Overview: Elvis is a vampire. Bill heads off to New Orleans. Sam is a shape shifter. Sookie sees Sam naked. Sam sees Sookie naked. Sookie shares her bed with Andy (but don't worry, it's her old bed and she's not in it). Jason gets arrested.

One more chapter left, people!! Aren't you just dying to know who the murderer is??!! And for me to delve into the next book??


Saturday, February 25, 2012

Dead Until Dark: Chapter 10 - What's New, Pussycat?

The next day (after almost getting killed by then inadvertently drinking Long Shadow's blood), Sookie notices something. Again. She's sexier, more beeaaauuuutiful and blonder than ever before. What I'd like to know is how this is possible. Isn't she already near perfect? It must hurt to stand beside her. When I think of how Sookie must look, I think of Galadriel (from Lord of the Rings - come on, anyone else a nerd like me?) and how ethereal she was. But Sookie must have surpassed Galadriel by now, no? Anyhow, she drops some coins and can spot them from across the room. 

Is vampire blood akin to being bit by a radio-active spider? Wowzers.

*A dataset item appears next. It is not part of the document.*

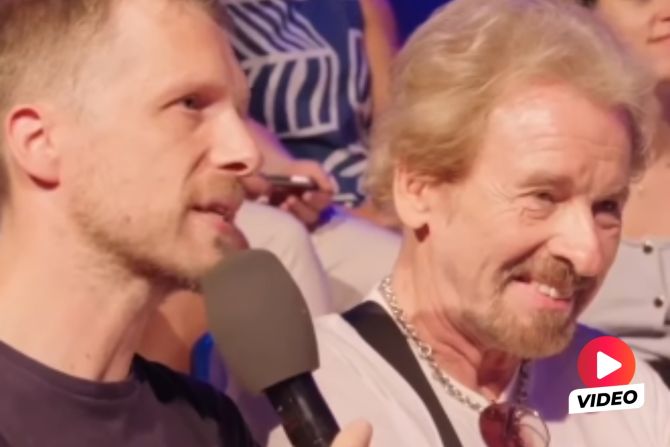 Oliver Pocher Gottschalk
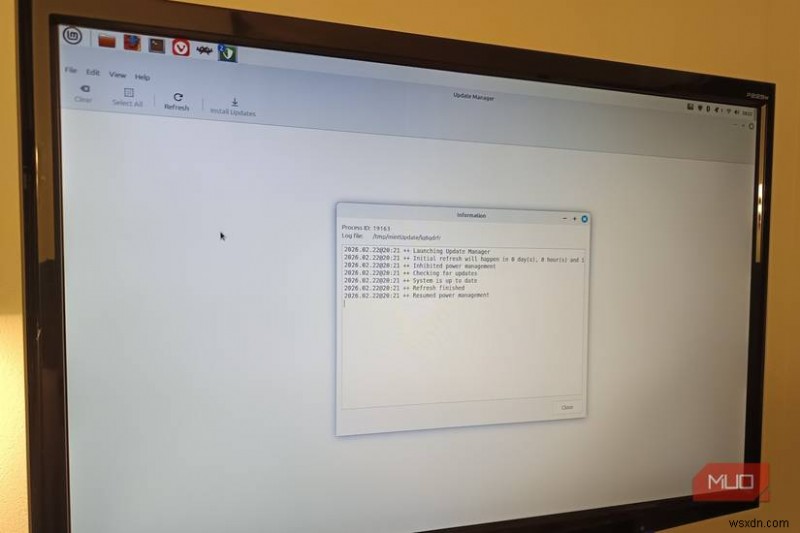 Tăng tốc độ cập nhật Linux ngay lập tức:Một cài đặt tạo nên sự khác biệt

When Sookie goes to work, it's only natural that everyone she works with notices how sexier and blonder she's gotten. You know, because she's the centre of the universe. While talking to Lafayette, she does some prep for the bar, and bazam! She slices and dices like nobody's business. She pretends nothing happened, and puts the fruit away (not Lafayette, the lemons and limes she cut). She shuts the door to the cooler, and when she closes the door, Sam is there. What I'd like to know is...where was he? Hiding behind the cooler door? Or did he sneak up behind her? Whatever, he's there and he's got his arms crossed. That means he's mad.

He notices (of course) that Sookie looks hotter than ever and asks her why she has a bandage on her arm. She says she got bit by a dog. Yeah, good thinking. Sookie gets all aware of Sam - the way his heart beats, his smell, and she can even tell that she's giving him a rock solid boner. Then another waitress comes in, and Sam loses his hard-on. This is because she's plump and dumb. Yes, Brainiac Sookie calls someone else dumb. This waitress is Charlsie, and she seems to be a happy simple sort. Her ass isn't as smokin' as Sookie's; this is pointed out and described as Charlsie's pockets being too full, because she's got too much junk in the trunk. 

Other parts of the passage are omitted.